Detecting a cut depends on how you're going to be doing it, but you'll probably have to iterate over every node and check some condition -- e.g. find the closest node to the scissors.

aprius commented 1 year ago

Hi, i'm implementing rope for my game. and i found this great article, i have a question is there any way to hang an object on the rope and cut the rope?

Doing both of these should be pretty easy.

You can "hang" an object just by making it follow the end position, but you probably want to give it some weight too, which you can achieve by applying some multiplier to make it move less at the integration step.

To "cut" the rope, you'd probably want to just spawn another rope at the same initial position and copy the prev values over to give it the same initial velocity. Don't forget to also remove the nodes from the initial rope.

Detecting a cut depends on how you're going to be doing it, but you'll probably have to iterate over every node and check some condition -- e.g. find the closest node to the scissors.

Yes thank you, I thought so too at first but I wonder if there is any other way?.

I'll probably implement it first then think about it later.

Tivium commented 1 year ago

Hey, it's an amazing blog post. I am making a game and I want to make the rope not stretch after some length but I couldn't figure out the solution. I've tried some ways like

If you're asking how to stop/limit the rope from stretching past its limit, you probably have to get a bit creative with your usage code and how you handle moving the rope. An option here is manually measuring how long the rope should be and then restricting mouse movement past that length.

but it always ended up being messed up because I am not a very good programmer. Is there any way to implement this?

Toqozz commented 1 year ago

Hey, it's an amazing blog post. I am making a game and I want to make the rope not stretch after some length but I couldn't figure out the solution.

I've tried some ways like

If you're asking how to stop/limit the rope from stretching past its limit, you probably have to get a bit creative with your usage code and how you handle moving the rope.
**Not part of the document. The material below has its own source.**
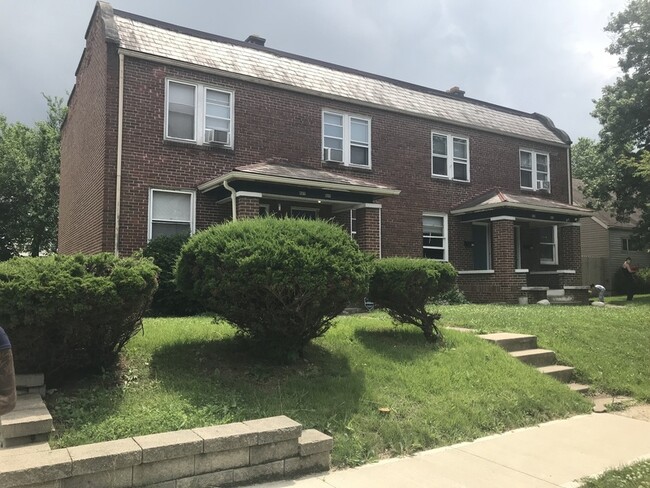 Primary Photo - 623 E Gates St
An option here is manually measuring how long the rope should be and then restricting mouse movement past that length.

but it always ended up being messed up because I am not a very good programmer. Is there any way to implement this?

To elaborate on the solution I was describing there:

Basically, measure the current length of the rope by adding the distance of each node together.

If the current length is >= the desired length, don't let whatever is stretching the rope stretch anymore.

It's an OK solution but doesn't really feel very robust, does it? Looking back on this now you might be better off just running a final pass over the rope after the simulation finishes:

  1. Get the current length like above.
  2. Get the percentage the rope needs to shorten by to match the desired length: desiredLen / currentLen.
  3. Move each node towards its previous node by that percentage. You should end up with a rope of the desired length, with the end shortened.

I'm not sure how well it will work in practice, but there's the two options I see for implementing it.

Toqozz commented 1 year ago

Just came across this today: https://www.gamedeveloper.com/programming/the-secrets-of-cloth-simulation-in-i-alan-wake-i-

Seems like in industry a few techniques are used to counteract the stretchiness of verlet things and make it a bit more robust.